Mapstation is Stefan Schneider, best known for his work with post/krautrock outfit To Rococo Rot.  When donning this particular alias though, he turns his gaze towards the nexus of world music, post-rock and electronica.  On ‘the Africa Chamber,’ Schneider abandons the abstract and globetrotting thrust of 2006’s excellent ‘Distance Told Me Things To Be Said’ for a more accessible and geographically focused sound.  Needless to say, ‘the Africa Chamber’ is very much an album about the continet, and brings to mind what Autechre might sound like, had they grown up on Afrobeat. The result is an inspired—and inspiring—collection of songs that manage to straddle the thin line between nostalgia and originality.

 Throughout the album, Schneider vacillates between Afrobeat-inspired electronica and something quite close to the genuine article.  “Bells and Lions” is thinly disguised Afrobeat: it centers on a groove King Sunny Ade would be proud of, progressing towards on a magnificently understated set of trumpets.  For the most part, though, Schneider uses it as more as a creative means than an end in and of itself.  “Darkheart’s” djembe drums provide the backdrop to an almost Nintendo-esque vibraphone melody.  “Carmel’s” mbira-like synths act as counterpoint to bittersweet trumpet melodies, and  “After all this Freedom” pairs djembe rhythms with analog synth abstraction in a manner that, of all things, calls to mind krautrock legends Can.    
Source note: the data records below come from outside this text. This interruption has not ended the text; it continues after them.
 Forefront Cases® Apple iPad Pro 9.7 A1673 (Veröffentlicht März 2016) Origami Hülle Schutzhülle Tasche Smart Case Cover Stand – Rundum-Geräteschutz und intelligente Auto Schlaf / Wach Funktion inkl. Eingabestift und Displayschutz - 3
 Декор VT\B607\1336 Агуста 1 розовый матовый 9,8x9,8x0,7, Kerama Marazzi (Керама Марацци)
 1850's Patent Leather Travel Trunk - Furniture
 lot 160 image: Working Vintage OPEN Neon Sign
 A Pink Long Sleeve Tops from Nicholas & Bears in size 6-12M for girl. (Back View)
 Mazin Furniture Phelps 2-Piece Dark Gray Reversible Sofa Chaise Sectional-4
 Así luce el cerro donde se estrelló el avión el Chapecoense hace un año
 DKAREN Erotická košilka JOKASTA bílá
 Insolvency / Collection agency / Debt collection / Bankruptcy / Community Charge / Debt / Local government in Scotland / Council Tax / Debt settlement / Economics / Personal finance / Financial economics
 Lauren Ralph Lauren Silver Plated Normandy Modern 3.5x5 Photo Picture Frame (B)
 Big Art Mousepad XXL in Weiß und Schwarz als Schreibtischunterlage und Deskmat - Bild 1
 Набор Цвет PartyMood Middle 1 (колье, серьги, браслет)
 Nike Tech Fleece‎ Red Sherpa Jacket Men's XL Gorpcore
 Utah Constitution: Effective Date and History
Some of the album’s best moments, though, come when Schneider expresses these stylings more abstractly. “Unitel” refracts djembe and clave rhythms through the patient repetition common to krautrock and minimal techno. “The Protector” is a very pretty piece of djembe-accented, Tortoise-esque post-rock, while “Return of the Hunters” manages to evoke the physicality of the African night in purely electronic terms.   Unfortunately, album opener “Holland Wax” veers dangerously towards hippie-drum-circle territory.  But it isn’t bad either.  Nor are the various filler tracks that end before you’ve had a chance to get too bothered by them. 

This points to “The Africa Chamber’s ultimate strength: its excellent pacing, and the album seems as if it was designed more for headphones than PA systems.   There are no 12” edits here; most songs last only as long as it takes to for their rhythms and leitmotifs to develop.  Schneider then moves on to the next selection, before the listener has a chance to get bored.  As a result, Schneider has crafted an album that sounds both internally consistent and fresh to the last drum snap, and which succeeds where many other electronic albums fail.